Integrated care boards (ICBs) will lead in developing local apprenticeship strategies under the long-awaited NHS workforce plan.
Published today (30 June), the long-term plan puts heavy a focus on training new staff, with up to 16% of all training for clinical staff to be offered through apprenticeships by 2028, including more than 850 medical students.
This would include developing a new apprenticeship funding approach that ‘better supports employers with the cost of employing an apprentice’.
To this end, NHS England said it would support ICBs in developing their strategies to grow their own staff, address their workforce shortfalls and to maximise the changes to funding.
NHS England said in the report: ‘Local strategies would support quality apprenticeship programmes targeted at specific occupational shortages and skills gaps, and transformation across primary, community, mental health and acute care.

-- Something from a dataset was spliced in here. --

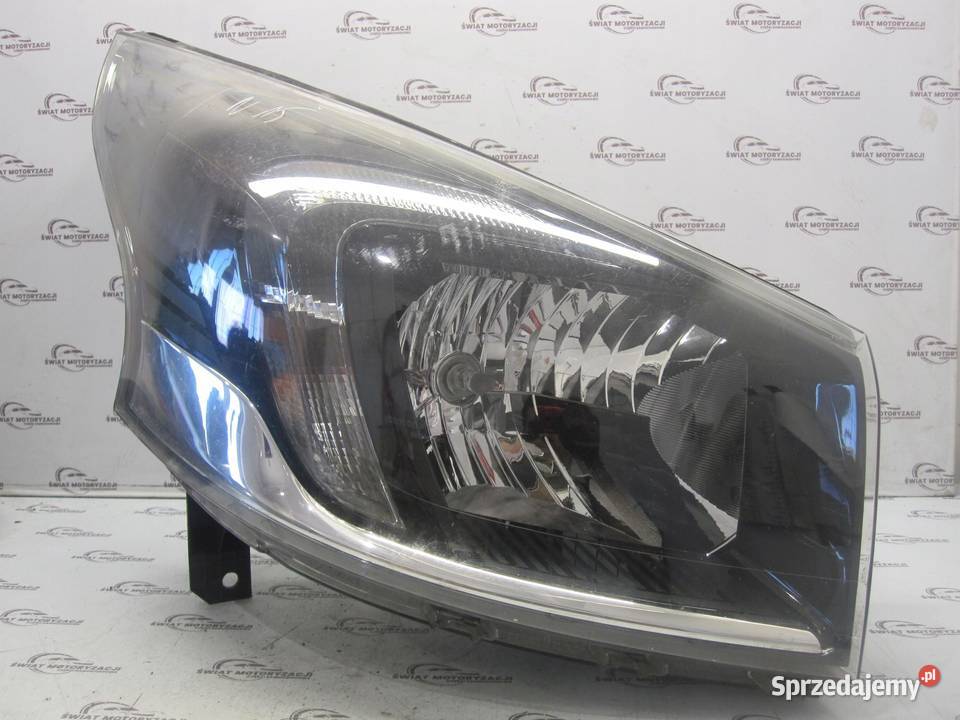 OPEL VIVARO B TRAFIC III 15r lampa prawa przód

‘System-level working would help employers engage their local population, schools and colleges to improve access to apprenticeship programmes and maximise innovative approaches to delivery.’
ICBs’ workforce priorities will need to be set out in five-year joint forward plans, produced with their partner trusts, NHS England also said.
These forward plans will outline steps that must be taken to provide the necessary workforce and services to meet the population’s physical and mental health over the next five years.
They will serve as the ‘shared delivery plan’ for an ICS’ integrated care strategy, and will involve local authorities and voluntary, community and social enterprise organisations.
These plans must also include evidence-based policies to support staff who experience domestic abuse and sexual violence (DASV), which will include appointing a DASV lead.
UK estimates indicate that 2.4 million adults (one-in-20) experienced domestic abuse in 2021-22, with evidence indicating some healthcare staff are at greater risk than most.
Other headline announcements include:
- £2.4 billion to fund ‘additional education and training places over five years on top of existing funding commitments’
- The number of GP training places will be increased by 50% to 6,000 by 2031
- The number of medical school training places to double to 15,000 by 2031
- 24,000 more nurse and midwife training places by 2031.